I got the S/Ms. I said in my review that most of the problems were from the bindings not fitting well, I have done everything to adjust them to make them as large as possible but they still don't fit very well. The only possible option I see is to trade toe straps with somebody who has L/XLs.

Have you ridden older forces (around 08) to compare to the new forces? I have 07/08 forces and i happen to like everything about them, even the toe strap and ratchet that everybody seems to hate.


----------



## Leo

I know you mentioned the poor fit, but you still reviewed the bindings nonetheless. I've demoed bad board sizes before and I don't write up reviews for them because of that unless even in the bad size, the board performed exceptionally well.

It's just my opinion though. I don't want to persuade a rider to avoid a particular piece of gear when the ones I own/demo don't even fit correctly.

With your size 10 boots, you should be on the L/XL. That was unfortunately your mistake. If you can, I'd trade up for the larger size and then see how you like the bindings.

I'm not trying to defend the Bosses like a fanboy as I have found a few flaws in my properly fitting bindings. I just don't agree with posting reviews about something that isn't even the right size for you.

I have not ridden the older forces. From what I was told, the only changes from last year are the toe straps. Some bindings I'd much rather own:

Ride Delta

Flux RK30

Rome 390 Boss

K2 Auto Uprise

Flow NXT-ATSE

Burton Restricted Malavitas (if I have ICS board)

2012 Burton Cartels

List goes on and on...


----------



## crazyface

Leo said:


> With your size 10 boots, you should be on the L/XL. That was unfortunately your mistake. If you can, I'd trade up for the larger size and then see how you like the bindings.


It's not my fault at all. I went into my local store and tried on the L/XLs. THEY DID NOT FIT!!! The toe strap would max out before becoming remotely tight. DC makes pretty small boots as these are comparable to size 9 Burtons. I ordered the S/M online as they did not have any in stock near me. My boots do fit in these, they just aren't very comfortable. The bindings fit, just not well for someone with boots near mine's size.

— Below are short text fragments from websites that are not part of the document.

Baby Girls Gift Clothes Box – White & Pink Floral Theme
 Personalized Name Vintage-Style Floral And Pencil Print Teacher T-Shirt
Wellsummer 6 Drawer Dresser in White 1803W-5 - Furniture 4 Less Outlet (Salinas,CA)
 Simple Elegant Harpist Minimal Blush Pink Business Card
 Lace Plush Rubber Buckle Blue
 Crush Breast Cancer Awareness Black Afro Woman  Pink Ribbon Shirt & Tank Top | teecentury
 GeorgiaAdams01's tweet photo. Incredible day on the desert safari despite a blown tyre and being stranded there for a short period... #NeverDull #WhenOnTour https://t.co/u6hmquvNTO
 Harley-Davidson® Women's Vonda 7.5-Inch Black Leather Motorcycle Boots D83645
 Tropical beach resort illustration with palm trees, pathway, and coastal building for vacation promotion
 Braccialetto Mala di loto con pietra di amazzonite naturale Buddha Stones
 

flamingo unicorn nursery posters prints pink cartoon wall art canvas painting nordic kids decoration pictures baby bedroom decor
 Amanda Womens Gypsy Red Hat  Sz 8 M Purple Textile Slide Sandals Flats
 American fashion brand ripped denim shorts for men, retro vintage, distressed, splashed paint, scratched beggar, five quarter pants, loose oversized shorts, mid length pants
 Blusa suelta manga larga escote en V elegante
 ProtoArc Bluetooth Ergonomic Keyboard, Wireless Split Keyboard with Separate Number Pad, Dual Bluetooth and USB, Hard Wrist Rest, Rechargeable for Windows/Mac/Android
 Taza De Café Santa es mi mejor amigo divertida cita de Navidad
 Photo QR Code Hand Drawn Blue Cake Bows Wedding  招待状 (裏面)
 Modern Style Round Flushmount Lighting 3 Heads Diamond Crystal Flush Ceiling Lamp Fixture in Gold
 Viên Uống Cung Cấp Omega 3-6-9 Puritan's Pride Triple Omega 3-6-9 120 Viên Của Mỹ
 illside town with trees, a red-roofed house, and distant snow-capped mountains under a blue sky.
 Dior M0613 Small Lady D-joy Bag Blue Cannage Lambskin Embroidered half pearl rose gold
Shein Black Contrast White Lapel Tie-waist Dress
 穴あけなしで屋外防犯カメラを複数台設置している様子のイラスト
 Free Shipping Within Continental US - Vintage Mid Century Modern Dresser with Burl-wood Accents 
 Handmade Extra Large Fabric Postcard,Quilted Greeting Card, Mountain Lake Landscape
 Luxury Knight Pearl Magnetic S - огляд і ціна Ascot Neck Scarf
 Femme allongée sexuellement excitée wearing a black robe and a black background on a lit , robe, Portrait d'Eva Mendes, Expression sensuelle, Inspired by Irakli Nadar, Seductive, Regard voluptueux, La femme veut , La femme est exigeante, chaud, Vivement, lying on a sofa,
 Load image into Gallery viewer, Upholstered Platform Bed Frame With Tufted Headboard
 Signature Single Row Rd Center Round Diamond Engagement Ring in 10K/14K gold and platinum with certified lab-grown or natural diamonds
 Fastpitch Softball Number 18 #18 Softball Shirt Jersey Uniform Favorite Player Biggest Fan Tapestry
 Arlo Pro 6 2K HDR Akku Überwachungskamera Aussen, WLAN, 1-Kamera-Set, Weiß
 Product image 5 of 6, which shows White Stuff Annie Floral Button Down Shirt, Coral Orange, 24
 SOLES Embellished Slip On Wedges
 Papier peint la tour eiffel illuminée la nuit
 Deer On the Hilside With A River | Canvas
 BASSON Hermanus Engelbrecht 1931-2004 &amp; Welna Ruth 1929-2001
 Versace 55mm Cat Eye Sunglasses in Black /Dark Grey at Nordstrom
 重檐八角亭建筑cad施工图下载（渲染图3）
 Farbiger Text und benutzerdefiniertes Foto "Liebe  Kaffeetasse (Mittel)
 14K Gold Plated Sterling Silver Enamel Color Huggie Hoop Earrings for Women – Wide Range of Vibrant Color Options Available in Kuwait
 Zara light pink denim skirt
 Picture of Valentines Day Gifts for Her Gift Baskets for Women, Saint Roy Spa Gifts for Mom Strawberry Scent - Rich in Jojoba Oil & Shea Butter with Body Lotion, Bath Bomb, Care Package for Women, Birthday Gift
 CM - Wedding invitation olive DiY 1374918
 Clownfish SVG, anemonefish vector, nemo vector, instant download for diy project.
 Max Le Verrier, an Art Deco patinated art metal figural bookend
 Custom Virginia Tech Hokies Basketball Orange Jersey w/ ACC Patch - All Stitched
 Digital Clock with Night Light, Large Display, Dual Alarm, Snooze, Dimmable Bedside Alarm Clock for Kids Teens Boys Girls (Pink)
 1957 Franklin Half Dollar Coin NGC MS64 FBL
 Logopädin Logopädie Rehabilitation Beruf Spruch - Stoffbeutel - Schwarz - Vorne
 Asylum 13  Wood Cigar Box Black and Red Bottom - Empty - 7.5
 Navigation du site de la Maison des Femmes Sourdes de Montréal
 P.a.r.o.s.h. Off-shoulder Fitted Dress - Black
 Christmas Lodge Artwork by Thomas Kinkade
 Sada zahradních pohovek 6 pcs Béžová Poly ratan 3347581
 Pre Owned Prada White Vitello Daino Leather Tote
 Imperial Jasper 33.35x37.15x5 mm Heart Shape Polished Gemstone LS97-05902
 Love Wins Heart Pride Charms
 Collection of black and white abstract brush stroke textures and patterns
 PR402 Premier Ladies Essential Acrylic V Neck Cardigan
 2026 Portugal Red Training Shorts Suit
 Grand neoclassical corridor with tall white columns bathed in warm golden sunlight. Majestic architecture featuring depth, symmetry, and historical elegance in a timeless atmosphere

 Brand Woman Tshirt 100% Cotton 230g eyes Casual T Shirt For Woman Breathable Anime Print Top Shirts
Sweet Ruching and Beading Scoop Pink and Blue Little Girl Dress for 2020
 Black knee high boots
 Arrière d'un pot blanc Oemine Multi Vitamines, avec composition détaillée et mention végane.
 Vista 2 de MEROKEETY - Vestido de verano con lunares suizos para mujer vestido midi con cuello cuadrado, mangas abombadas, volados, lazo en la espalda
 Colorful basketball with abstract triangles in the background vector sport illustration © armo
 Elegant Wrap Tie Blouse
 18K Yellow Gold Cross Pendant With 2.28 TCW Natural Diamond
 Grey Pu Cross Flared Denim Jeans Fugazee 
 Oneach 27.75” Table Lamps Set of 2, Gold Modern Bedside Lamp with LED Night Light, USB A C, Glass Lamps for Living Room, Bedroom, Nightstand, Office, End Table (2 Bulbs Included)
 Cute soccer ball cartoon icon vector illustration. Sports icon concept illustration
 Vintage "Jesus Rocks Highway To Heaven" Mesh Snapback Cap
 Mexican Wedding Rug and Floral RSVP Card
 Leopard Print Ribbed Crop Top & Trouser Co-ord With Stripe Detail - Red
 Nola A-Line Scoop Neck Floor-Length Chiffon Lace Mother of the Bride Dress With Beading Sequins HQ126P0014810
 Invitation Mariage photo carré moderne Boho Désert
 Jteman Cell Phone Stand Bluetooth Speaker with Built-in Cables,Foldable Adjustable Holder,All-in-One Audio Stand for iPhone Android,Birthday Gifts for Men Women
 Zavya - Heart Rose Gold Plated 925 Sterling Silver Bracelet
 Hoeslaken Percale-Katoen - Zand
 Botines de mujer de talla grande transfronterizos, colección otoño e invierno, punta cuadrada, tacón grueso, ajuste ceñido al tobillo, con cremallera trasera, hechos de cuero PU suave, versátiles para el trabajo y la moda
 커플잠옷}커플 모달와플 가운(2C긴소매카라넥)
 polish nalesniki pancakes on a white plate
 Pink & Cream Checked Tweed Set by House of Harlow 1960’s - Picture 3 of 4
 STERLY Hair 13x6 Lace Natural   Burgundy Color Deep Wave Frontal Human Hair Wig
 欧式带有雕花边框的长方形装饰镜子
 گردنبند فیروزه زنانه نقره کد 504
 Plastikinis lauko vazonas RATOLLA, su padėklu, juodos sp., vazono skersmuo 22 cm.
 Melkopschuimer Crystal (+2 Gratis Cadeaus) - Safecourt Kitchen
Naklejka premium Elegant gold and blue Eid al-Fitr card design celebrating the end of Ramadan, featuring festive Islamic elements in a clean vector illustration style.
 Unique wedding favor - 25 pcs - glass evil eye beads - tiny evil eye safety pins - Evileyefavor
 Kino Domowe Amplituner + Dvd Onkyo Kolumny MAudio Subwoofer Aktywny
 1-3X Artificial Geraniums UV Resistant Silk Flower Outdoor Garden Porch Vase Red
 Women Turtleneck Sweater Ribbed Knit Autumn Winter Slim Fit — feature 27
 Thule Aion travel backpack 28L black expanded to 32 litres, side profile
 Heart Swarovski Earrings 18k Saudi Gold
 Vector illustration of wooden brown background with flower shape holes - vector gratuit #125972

Here is a crappy pic that I just took with my phone.


----------



## Leo

I have the 2011 Burton Restricted Hails 9.5 on my L/XL Bosses. I had to adjust heelcups to the smallest setting so the boot can fit properly. Ankle and toe strap adjustment tweaks and I'm good to go.

If you tried them on in the shop, then the heelcups were set at default which is for sizes 11/12.5. That is why your boots didn't fit. So yes, unfortunately, it was your fault for choosing the wrong size 

Actually, I'd put some blame on the shop as well. If I were the employee and I saw that your size 10 fit small on the L/XL Boss, I would have pointed out that the heelcups were set for a bigger boot size and that you can adjust them for size 10's.


----------



## crazyface

Leo said:


> I have the 2011 Burton Restricted Hails 9.5 on my L/XL Bosses. I had to adjust heelcups to the smallest setting so the boot can fit properly. Ankle and toe strap adjustment tweaks and I'm good to go.
> 
> If you tried them on in the shop, then the heelcups were set at default which is for sizes 11/12.5. That is why your boots didn't fit. So yes, unfortunately, it was your fault for choosing the wrong size
> 
> Actually, I'd put some blame on the shop as well. If I were the employee and I saw that your size 10 fit small on the L/XL Boss, I would have pointed out that the heelcups were set for a bigger boot size and that you can adjust them for size 10's.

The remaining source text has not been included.